Task item
Below are the records; return every line from the one that contains "10021 Grayfield" to the last, exactly, skipping the pictures.

-- Opening Marker --

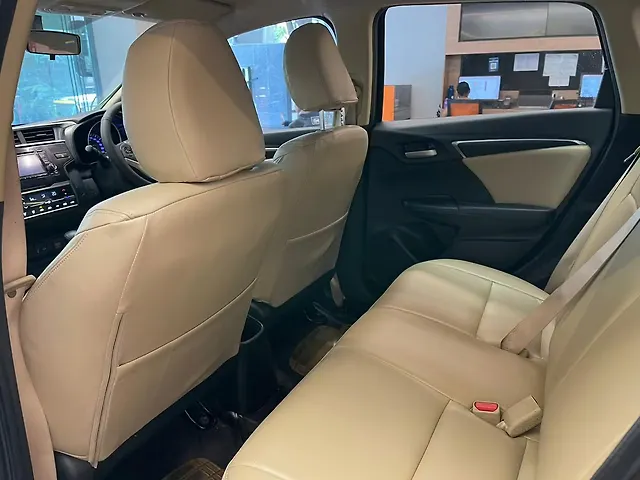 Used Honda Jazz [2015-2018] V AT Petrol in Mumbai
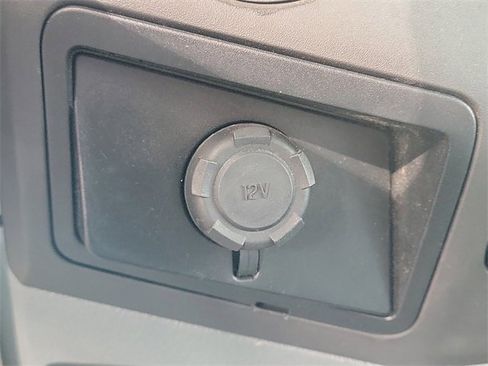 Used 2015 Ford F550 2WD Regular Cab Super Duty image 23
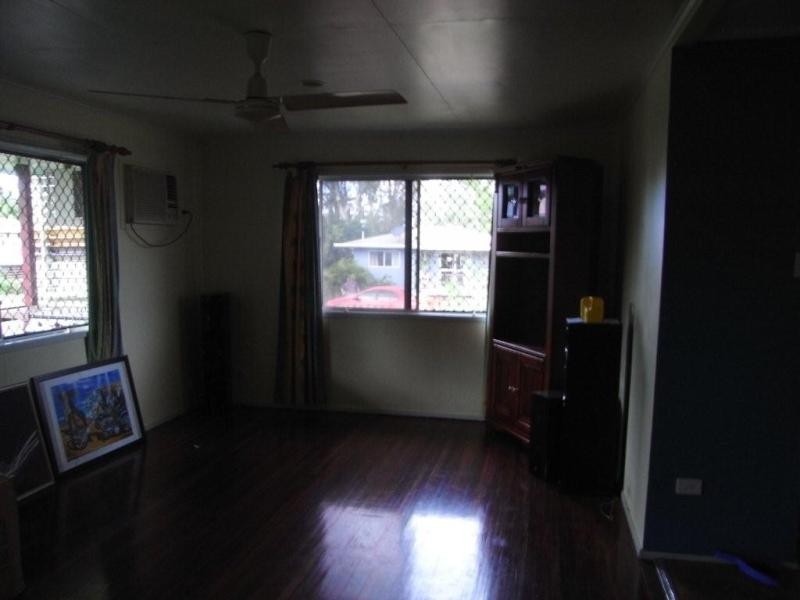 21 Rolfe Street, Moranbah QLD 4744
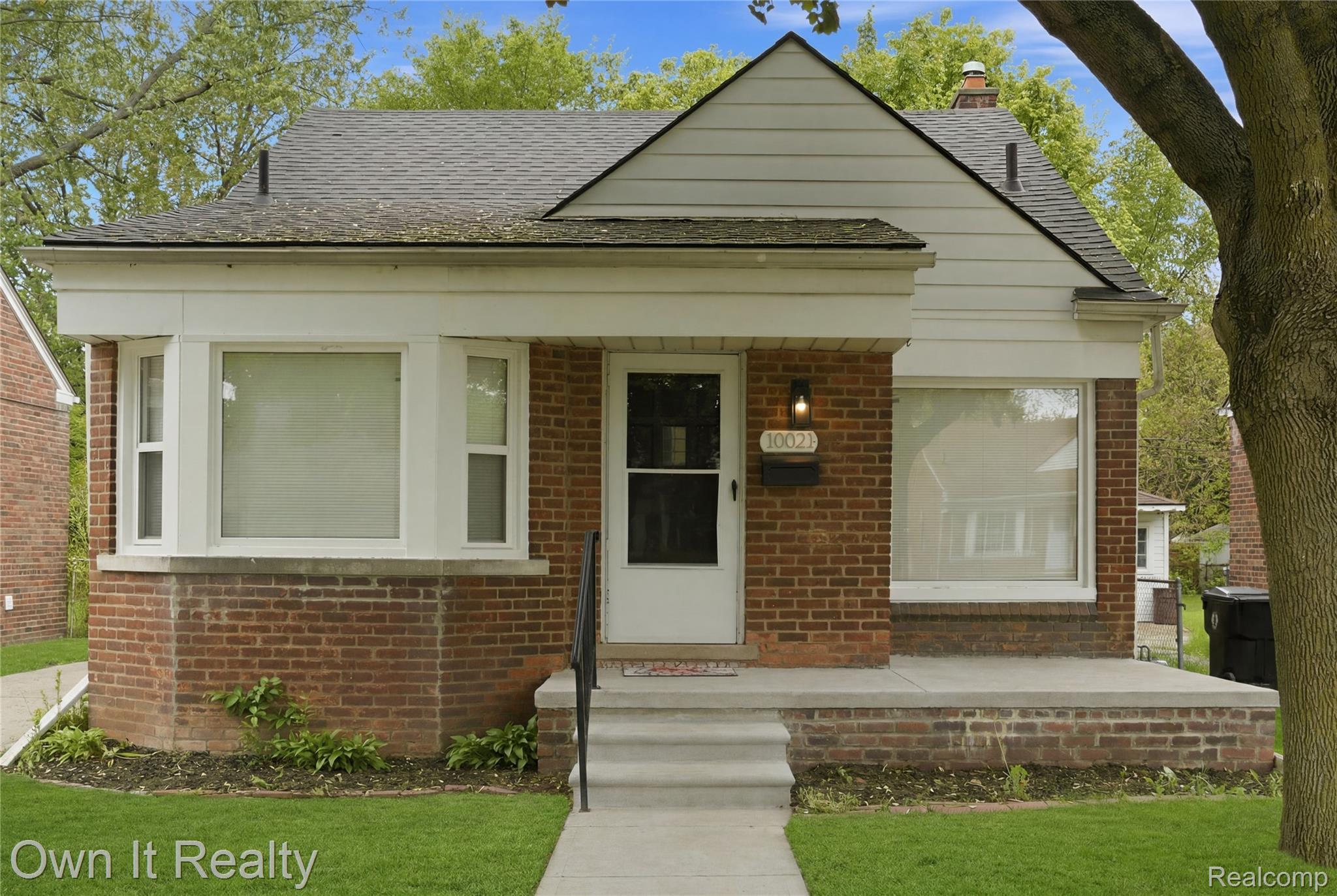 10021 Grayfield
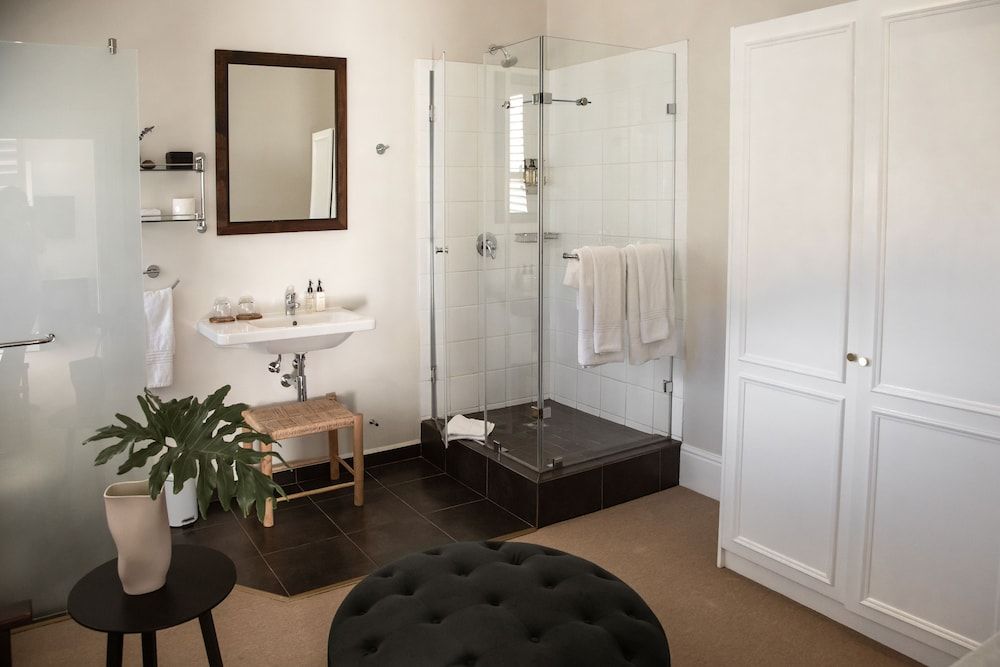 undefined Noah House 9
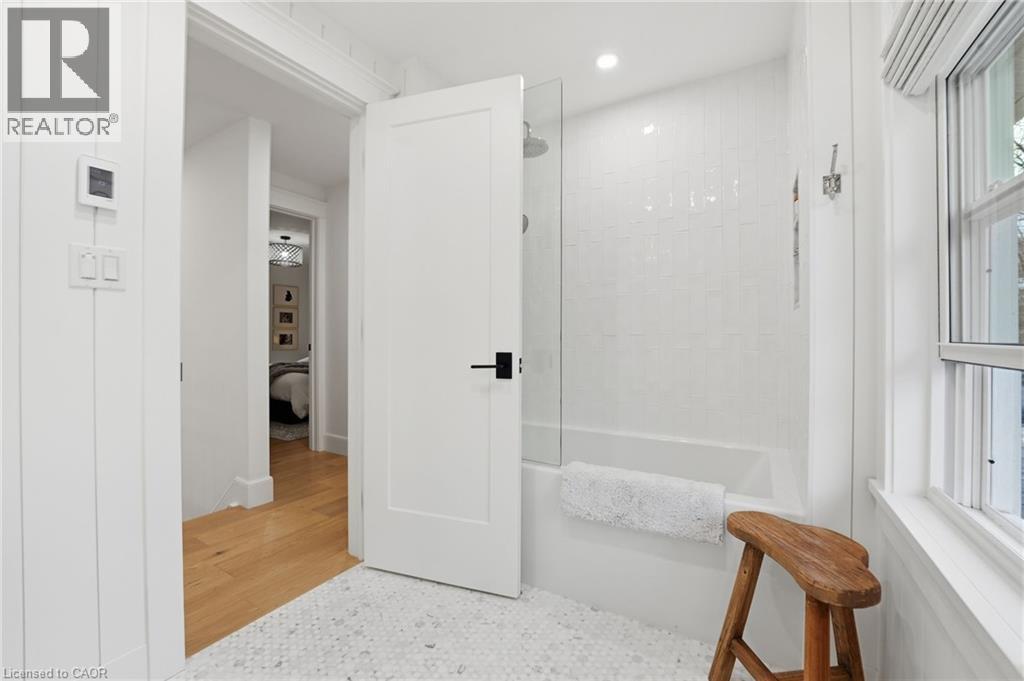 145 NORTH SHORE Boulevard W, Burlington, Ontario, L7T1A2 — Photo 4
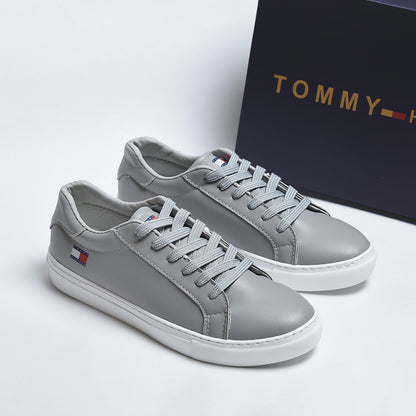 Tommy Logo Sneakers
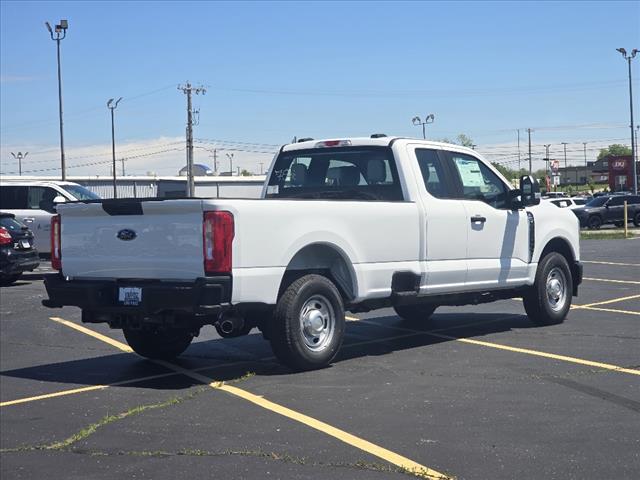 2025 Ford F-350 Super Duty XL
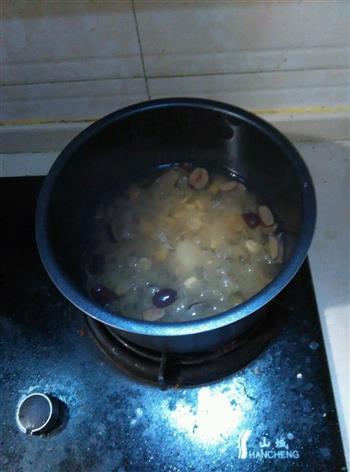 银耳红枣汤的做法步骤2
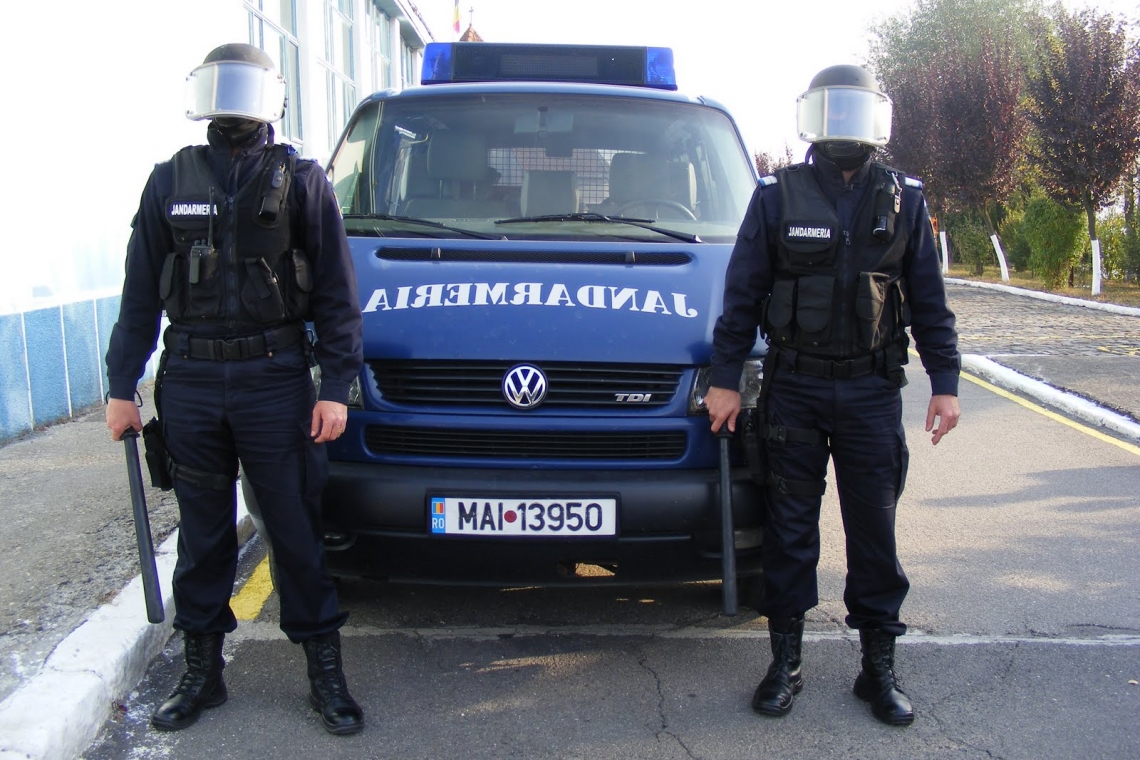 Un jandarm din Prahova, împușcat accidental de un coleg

-- Closing Marker --

Exercise output
 10021 Grayfield
 undefined Noah House 9
 145 NORTH SHORE Boulevard W, Burlington, Ontario, L7T1A2 — Photo 4
 Tommy Logo Sneakers
 2025 Ford F-350 Super Duty XL
 银耳红枣汤的做法步骤2
 Un jandarm din Prahova, împușcat accidental de un coleg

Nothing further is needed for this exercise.